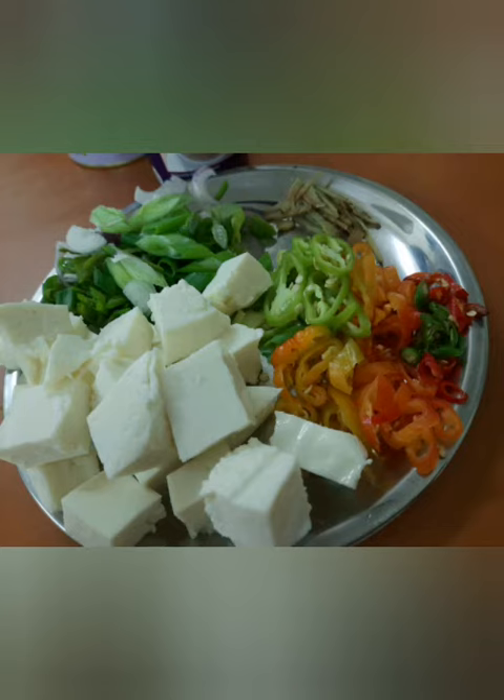First things first, we need to fry the paneer in ghee. Roast it in ghee until it gets a little bit golden brown. Then add the chilies and the peppers.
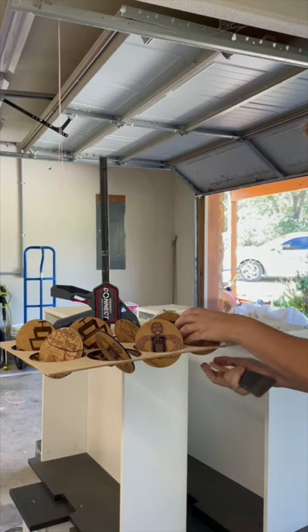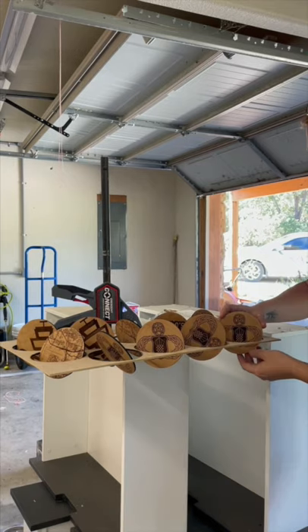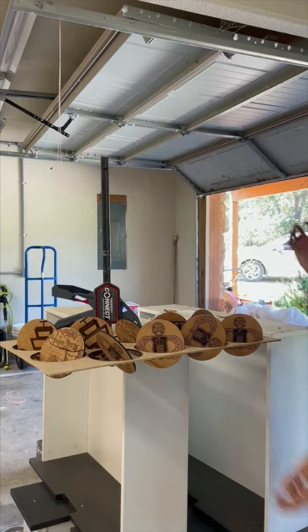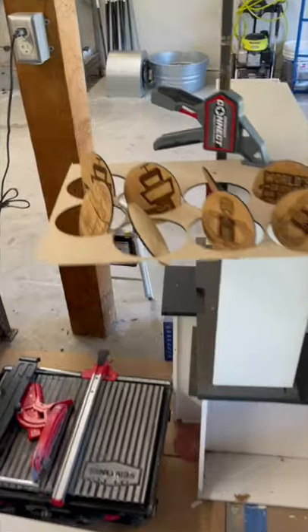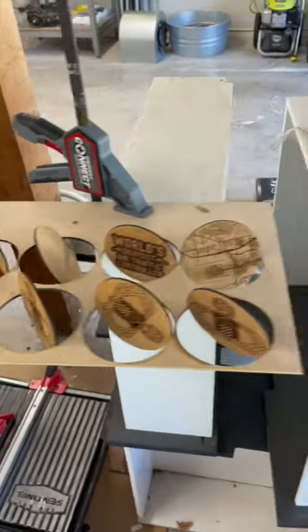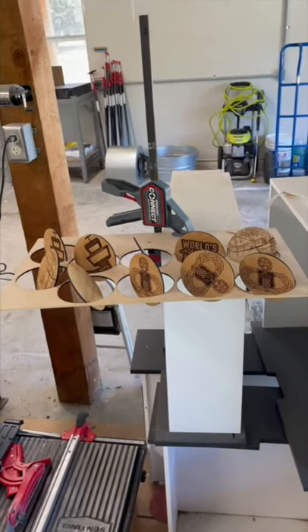Here's a random fact: manholes are made round because it's the only shape that won't fall through itself. That gave me a good idea to create a very easy drying rack for these coasters — I simply repurposed the waste from cutting them all out, and now both sides can be drying at the same time.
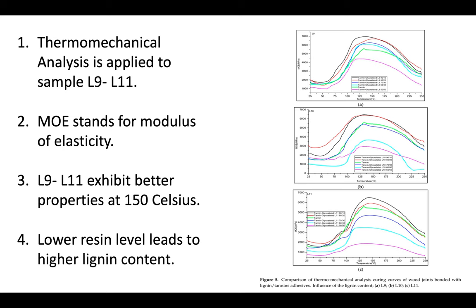Samples 9 to 11 were analyzed by Thermal Mechanical Analysis. This method is an accurate method to evaluate the hardening reaction of a glue mix by studying the rigidity of a wood resin joint as a function of temperature. In this figure, MOE stands for modulus of elasticity. We can see the curves showing the elasticity of the three samples. All three samples exhibit better properties at 150 degrees Celsius. At the end of the curve, we can see that with a lower resin level, it results in a higher content of lignin.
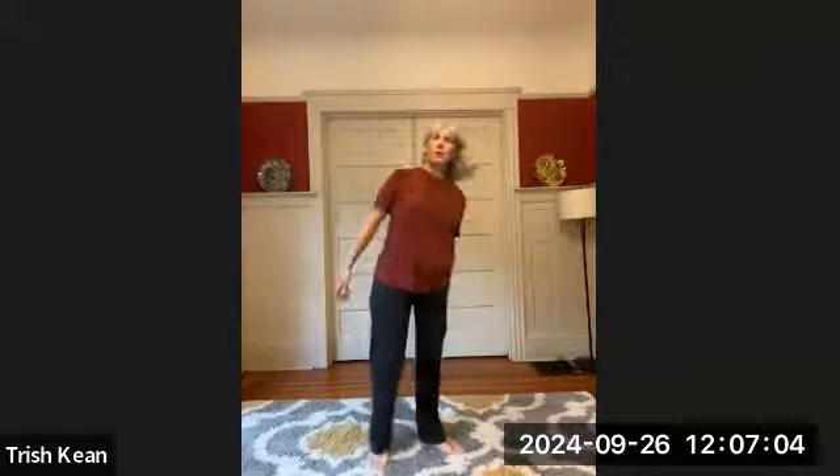I've been studying qigong with my teacher Master Zhong Zhengwu for almost 20 years, and this is one of the foundational things we do — called shaking. I'm just sharing a little bit of that with you today. It is to open up the energy gates, the joints, to allow the energy to move freely through the body.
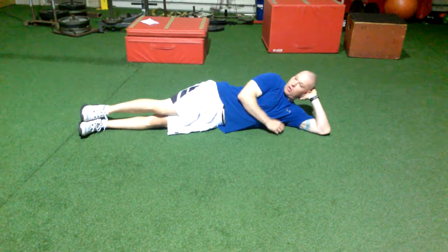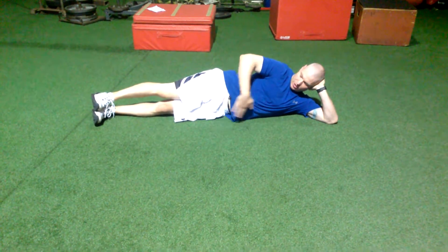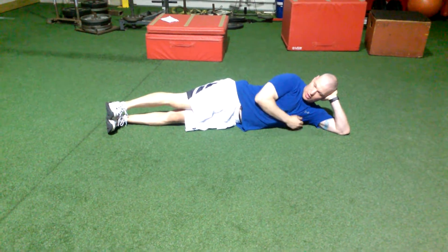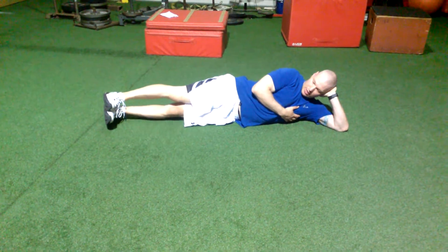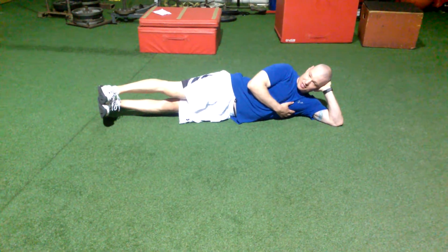We're going to lay flat down on the floor and kind of support your head with your hands. Make sure everything is in a very straight line. Toes are kind of pointing back towards the shin. What we're going to do is lift the legs off the ground and hold for however many seconds it says.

***

*WHAT THE TASK REQUIRES*. Your reply should repeat the entries above exactly, leaving the pictures out.

*EXERCISE SOLUTION*.
First things first, we need to fry the paneer in ghee. Roast it in ghee until it gets a little bit golden brown. Then add the chilies and the peppers.
Here's a random fact: manholes are made round because it's the only shape that won't fall through itself. That gave me a good idea to create a very easy drying rack for these coasters — I simply repurposed the waste from cutting them all out, and now both sides can be drying at the same time.
Samples 9 to 11 were analyzed by Thermal Mechanical Analysis. This method is an accurate method to evaluate the hardening reaction of a glue mix by studying the rigidity of a wood resin joint as a function of temperature. In this figure, MOE stands for modulus of elasticity. We can see the curves showing the elasticity of the three samples. All three samples exhibit better properties at 150 degrees Celsius. At the end of the curve, we can see that with a lower resin level, it results in a higher content of lignin.
I've been studying qigong with my teacher Master Zhong Zhengwu for almost 20 years, and this is one of the foundational things we do — called shaking. I'm just sharing a little bit of that with you today. It is to open up the energy gates, the joints, to allow the energy to move freely through the body.
We're going to lay flat down on the floor and kind of support your head with your hands. Make sure everything is in a very straight line. Toes are kind of pointing back towards the shin. What we're going to do is lift the legs off the ground and hold for however many seconds it says.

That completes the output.